Nossa discussão continua em torno da data que deve ser utilizada como ponto de partida para a contagem das Setenta Semanas Proféticas de Daniel. Neste artigo, apresentaremos mais três comentaristas e suas respectivas interpretações, demonstrando que essa questão permanece aberta ao debate entre estudiosos da escatologia bíblica.
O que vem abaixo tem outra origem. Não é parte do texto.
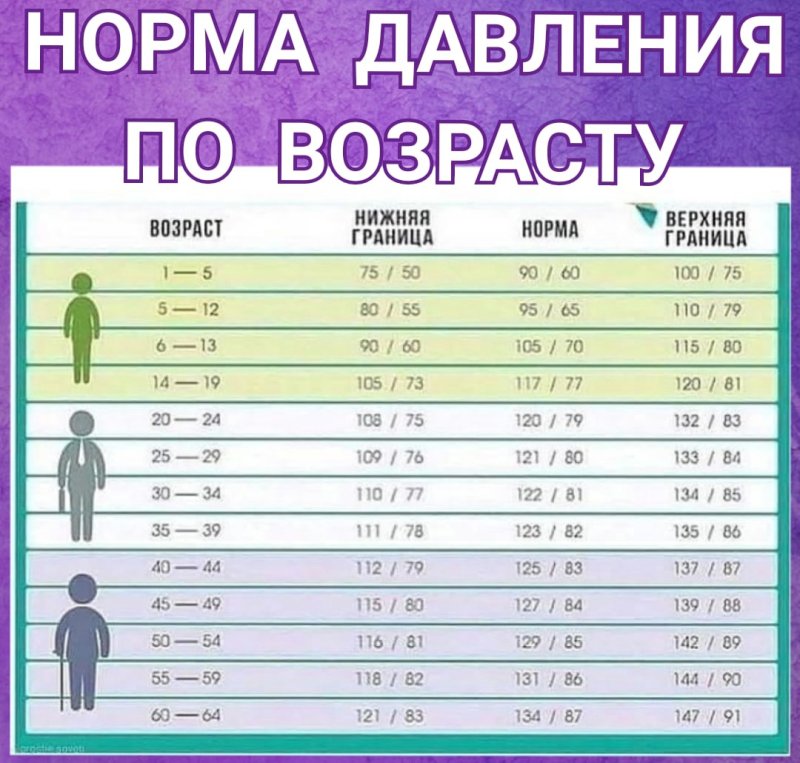 Норма давления по возрастам у подростков 16 лет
Vale lembrar ao leitor que esta discussão está inserida principalmente no contexto do dispensacionalismo, corrente interpretativa que compreende as Setenta Semanas como períodos literais de anos, totalizando 490 anos determinados por Deus para Israel e Jerusalém.

I – O Comentário de R. N. Champlin

Antes de analisar a posição de Champlin sobre a contagem das Semanas, é importante observar três interpretações que ele apresenta para Daniel 9.24–27.

1. A Interpretação Liberal

Segundo essa perspectiva, a passagem deve ser entendida como história e não como profecia preditiva. As Setenta Semanas começariam em 538 a.C., com o decreto de Ciro, e terminariam em 172 a.C., com o assassinato do sumo sacerdote Onias III, deposto em 175 a.C.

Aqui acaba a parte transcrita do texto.